И насколько сладкой?
В этот момент Матвей наклонился и, не позволяя мне увернуться, поцеловал.
И я поняла, что игра будет невероятно сладкой. Слаще всего, что я до этого испытывала. Настолько, что привыкание может быть мгновенным…
Все эти мысли проносились, не задерживась, в голове, сразу ставшей пустой и легкой, пока друг моего сына целовал меня на моей кухне. Целовал нахально, немного грубовато и очень по-собственнически. Словно право на это имел. Словно я позволила, дала свое согласие.
Хотя, ему мое согласие не было нужно, я и без формальных слов была полностью в его власти, в его подчинении.
И, наверно, в голове моей все-таки что-то от стресса и неожиданности отключилось, потому что происходящее той ночью помнится лишь вспышками, яркими, болезненно-четкими, до слез острыми.
Мы на кухне.
Целуемся с такой дикой страстью, словно нет ничего важнее в этот момент в мире. Матвей не дает мне вздохнуть, не позволяет прийти в себя и понять весь ужас, все непотребство происходящего.
А я все понимаю, тем не менее. Все понимаю. И ничего не хочу менять. Только не сейчас! Не сейчас! Пусть потом будет плохо, пусть потом меня замучает совесть, но сейчас, сейчас… Сейчас я хочу, чтоб он целовал меня, этот сумасшедший дерзкий мальчик, практически ровесник моего сына. Я потом подумаю о своем неправильном поведении, а сейчас… Матвей рычит бешено, подхватывает меня на руки, и я лечу…

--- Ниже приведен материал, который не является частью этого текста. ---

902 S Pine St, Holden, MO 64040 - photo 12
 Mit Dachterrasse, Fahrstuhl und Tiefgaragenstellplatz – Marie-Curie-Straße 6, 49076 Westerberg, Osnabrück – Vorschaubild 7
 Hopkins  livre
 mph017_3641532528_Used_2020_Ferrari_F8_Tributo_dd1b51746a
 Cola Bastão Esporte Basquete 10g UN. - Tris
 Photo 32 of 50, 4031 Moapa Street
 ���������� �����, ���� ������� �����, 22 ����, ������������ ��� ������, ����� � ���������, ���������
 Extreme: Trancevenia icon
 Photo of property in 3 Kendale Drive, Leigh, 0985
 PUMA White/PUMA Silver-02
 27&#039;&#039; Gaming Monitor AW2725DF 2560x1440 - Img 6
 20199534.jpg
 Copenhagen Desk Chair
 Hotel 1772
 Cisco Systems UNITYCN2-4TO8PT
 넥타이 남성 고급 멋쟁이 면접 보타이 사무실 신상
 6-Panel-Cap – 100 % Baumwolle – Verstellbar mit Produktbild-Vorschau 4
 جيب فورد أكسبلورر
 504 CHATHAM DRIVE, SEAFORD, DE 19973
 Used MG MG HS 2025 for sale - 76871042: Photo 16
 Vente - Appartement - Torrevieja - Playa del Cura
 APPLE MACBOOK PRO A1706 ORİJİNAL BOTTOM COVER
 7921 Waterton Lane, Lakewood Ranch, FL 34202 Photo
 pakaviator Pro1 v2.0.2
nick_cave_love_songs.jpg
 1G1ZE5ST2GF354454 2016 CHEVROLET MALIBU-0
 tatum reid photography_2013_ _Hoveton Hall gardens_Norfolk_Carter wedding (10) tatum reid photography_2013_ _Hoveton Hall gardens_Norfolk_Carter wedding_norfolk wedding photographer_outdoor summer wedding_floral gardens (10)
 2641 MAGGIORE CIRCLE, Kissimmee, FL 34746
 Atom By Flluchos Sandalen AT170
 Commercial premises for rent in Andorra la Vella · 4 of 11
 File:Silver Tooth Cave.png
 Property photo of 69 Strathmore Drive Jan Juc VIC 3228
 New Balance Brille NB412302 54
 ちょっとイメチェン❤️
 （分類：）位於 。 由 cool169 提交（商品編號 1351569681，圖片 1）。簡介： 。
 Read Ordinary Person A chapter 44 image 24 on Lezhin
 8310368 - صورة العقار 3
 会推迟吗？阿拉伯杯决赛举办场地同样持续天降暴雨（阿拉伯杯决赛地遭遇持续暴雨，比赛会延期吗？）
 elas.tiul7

Кровать, тяжелое тело горячего парня, придавившее меня к покрывалу. Это сладкая тяжесть, ее хочется длить, тщательно сохраняя в памяти каждое мгновение. Его глаза, отражающиеся в них огни гирлянды, круглосуточно горящей в проеме окна.
– Новый год все еще? – усмехается он, обдавая теплым дыханием губы.
– Каждый день… – шепчу я и покорно поднимаю руки, позволяя себя раздеть.
Его горячие губы повсюду, его жесткие руки исследуют, бесцеремонно и жадно. И мне сладка эта жадность. Мне приятно, что он так нетерпелив, что задыхается от желания, что сдержаться не может, прикусывает, слабо контролируя силу и причиняя боль.
Тоже сладкую.
Меня трясет от каждого его движения, прикосновения, властности его манер, той, истинно мужской непоколебимой уверенности в своем праве поступать так с женщиной. Как со своей.
Я так давно не ощущала себя… чьей-то. Никто не обращался со мной до такой степени по-собственнически.
Матвей не спрашивал, не тормозил, не отслеживал мою реакцию на свои действия.
Он просто делал со мной все, что только может сделать с беспомощной женщиной опытный сильный мужчина.
И мне это нравилось, черт возьми!
Так нравилось!
Я умирала в его руках, я позволяла ему такое, чего никогда в жизни… И никому… Вообще никому!
Я, наверно, сошла с ума в ту ночь.
И не жалела об этом. Только не об этом!
Глава 9
И вот теперь, спустя два месяца, я смотрю в полные понимания и иронии глаза Матвея, и не хочу вспоминать о том, что сказала ему на следующее утро, после нашей первой ночи.
Тогда я, придя в себя, вынырнув из морока, сделала все, чтоб навсегда обрубить даже возможность продолжения этих… отношений. Верней, не отношений, а слабости своей, глупости.
Именно так я, кажется, тогда сказала, выталкивая из постели, а потом и из квартиры взбешенного и ничего не понимающего Матвея.
Я не хотела слушать его доводов, потому что не было у меня на них ответов.
Да и не хотелось отвечать.
Хотелось остаться одной, запереться в квартире, достать из холодильника нз в виде ведра мороженого… И всласть настрадаться.
Потому и торопилась выкинуть со своей территории источник моих страданий. Чтоб не мешал.